もうお前ら昼飯抜きな! 俺は怒ったぜ! 畜生涙目になってきたぜ!
「すまなかったユーキ。昼飯抜きは勘弁してくれ」
うるせえお前は一生飯抜きだウキ!
「ほらほら、これくらいでべそをかいてんじゃないよ。冗談が通じない子だねえ」
ぽすんっ。
喚いているところをサキ姉さまの両腕に捕らわれてしまった……。
ああ、姉さまの抱っこと心音が心地よいなあ。
ってことで、結局オレはサキ姉さまの胸で転がされちゃうんだよな畜生!
仕方がねえ。深呼吸でもして息を整えるか。強気が一番だからな。ということで……。
「はい二人とも注目!」
今日のピザは『パンチェッタとソーセージ』『ツナと青菜』『レモンりんごとベリー』だ。
しょっぱい方にはイモと玉ねぎとトマトも乗せてあるからな。野菜も食え。
甘い方はシロップがカラメル状に固まっているからな。やけどしないように気をつけて食え。
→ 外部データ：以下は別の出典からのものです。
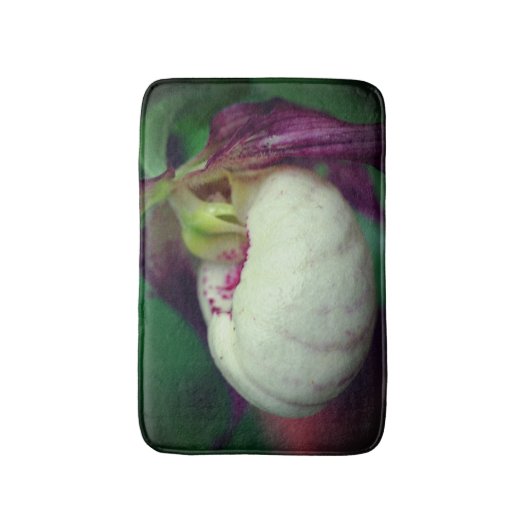 White lady Slipper Orchid Flower Close Badmat (Voorkant Verticaal)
うん。肉のヤツは二枚焼いておいて正解だったな。一枚はウキに独占されちゃったよ。
ところでサキ姉さま、どこに行ってきたの?
「ああ、この街に知り合いがいてね。そうそう、ユーキが焼いてくれたお菓子を先方はとても喜んでくれたよ。ありがとうね」
そっか。よかった。
午後はいつものようにサキは読書、ウキは昼寝。オレはコンテストの最終準備に入ったんだ。
リルに冷やしておいて貰った『椰子実海老』の肉を室温に戻しながら、大量にこしらえたココナッツミルクを、今日使う分以外は全部大鍋に入れてリートの炎で煮込んだんだよ。
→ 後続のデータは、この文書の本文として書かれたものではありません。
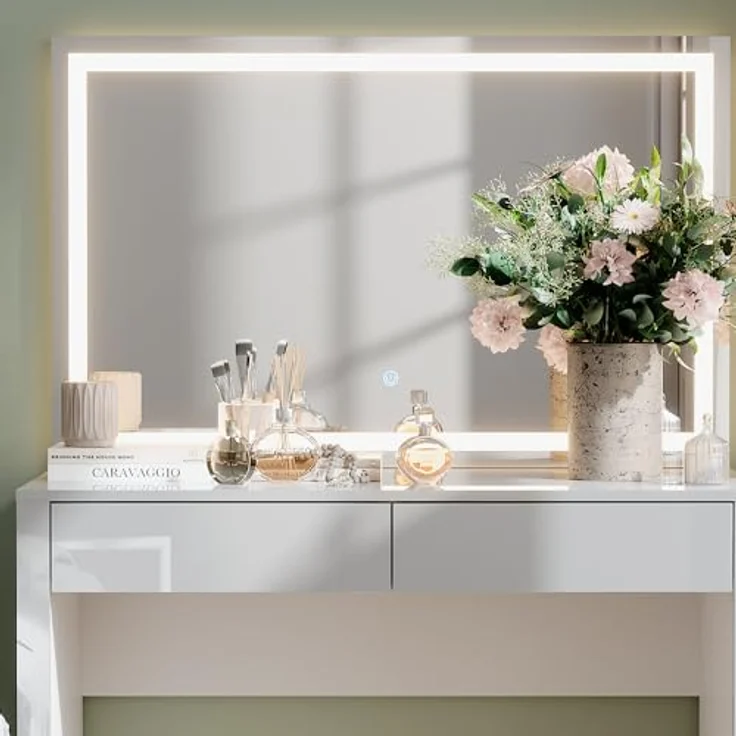 Vichy Schminktisch Annabelle, Weiss Hochglanz mit LED-Spiegel, 110 cm – Bild 4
こうして煮込んであげると、ココナッツミルクはだんだん分離してくるんだ。
ゆっくりゆっくり煮ながら、分離した不純物を網ですくいとってあげる。
「ユーキ、腹減った」
お、起きたか。すまんウキ。ちょっと手が離せないから、そこの籠に入れてある焼き菓子を好きなだけ食べてくれるかい。ジャムとマーマレードとクリームとチーズの壺はリルのところにあるから、サキ姉さまのところに持っていってくれい。
「ユーキは何をこしらえているんだい?」
「ココナッツオイルだよ」
そう。今俺がこしらえているのはいわゆる『ヴァージンココナッツオイル』
料理はもちろん、スキンケアに絶大な効果を発するオイルなんだ。買うと高いしな。
まあ、日本じゃ生のココナッツを手に入れるほうが難しかったけどな。
材料があるなら自分でこしらえるのが一番だよ。
「それじゃそろそろ時間かね。ウキ、準備はいいかい? ユーキ、リート、リル、フル、出かけるよ」
あ、もうそんな時間か。すぐに準備するよ。
リートは休憩しててね。リルは申し訳ないけどオイルが冷めるのを見ていてくれるかな。フル、行程は任せたよ。
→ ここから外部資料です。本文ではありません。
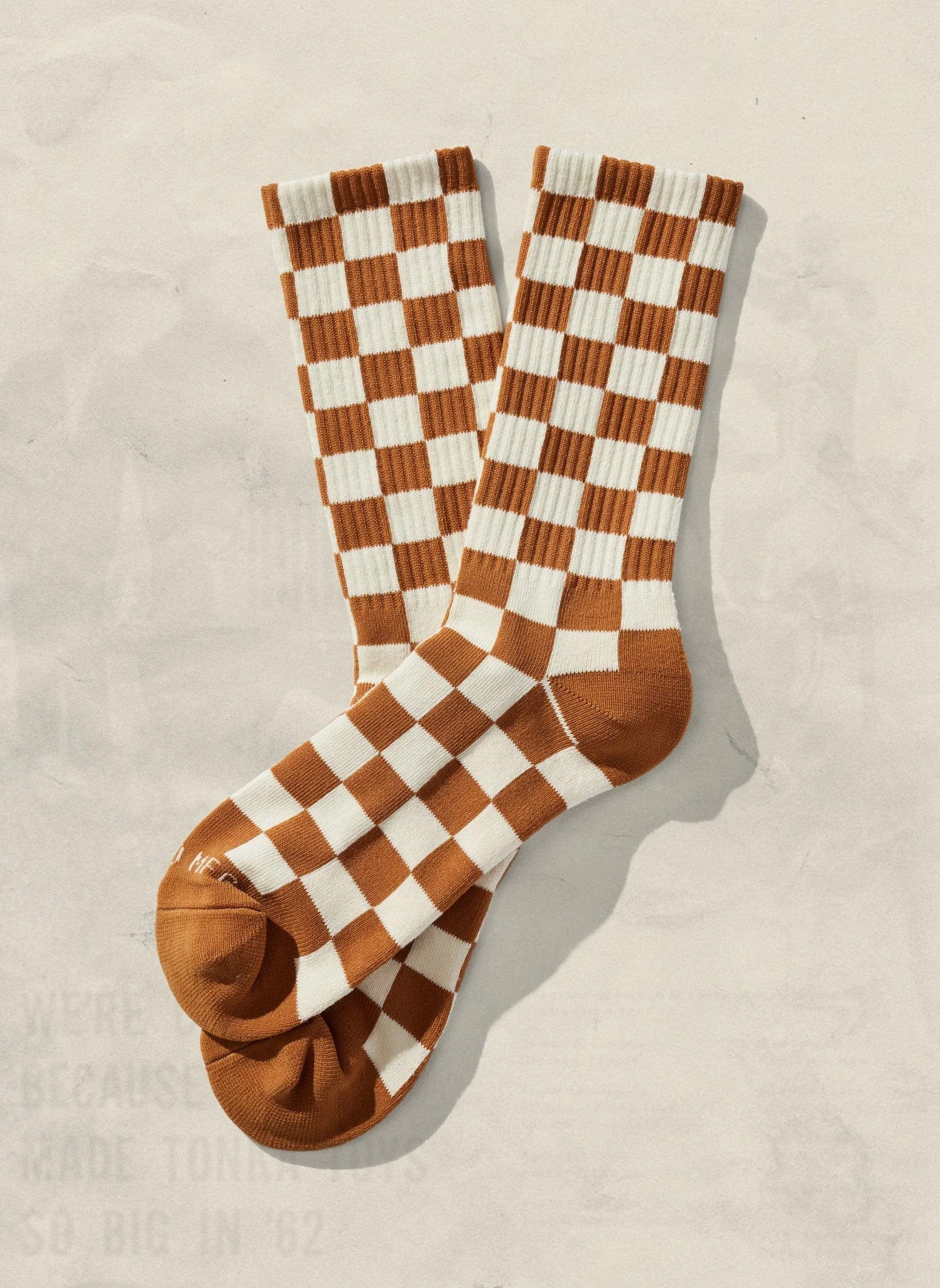 Dune & Cream Custom Checkerboard Socks - Corporate Gifts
リルは屋台の上でオイルの温度管理。フルは屋台を引っ張ってくれる。ということで、オレは久しぶりにリートを抱っこしながらコンテストの会場まで歩いていくことになったんだ。
「にゃあ」
へえ、今日はサキ姉さまじゃなくてオレの腕の中でいいのかいリート。
「わうん」
「ぶるん」
キミたち、喧嘩はコンテストの後にしてくれよ。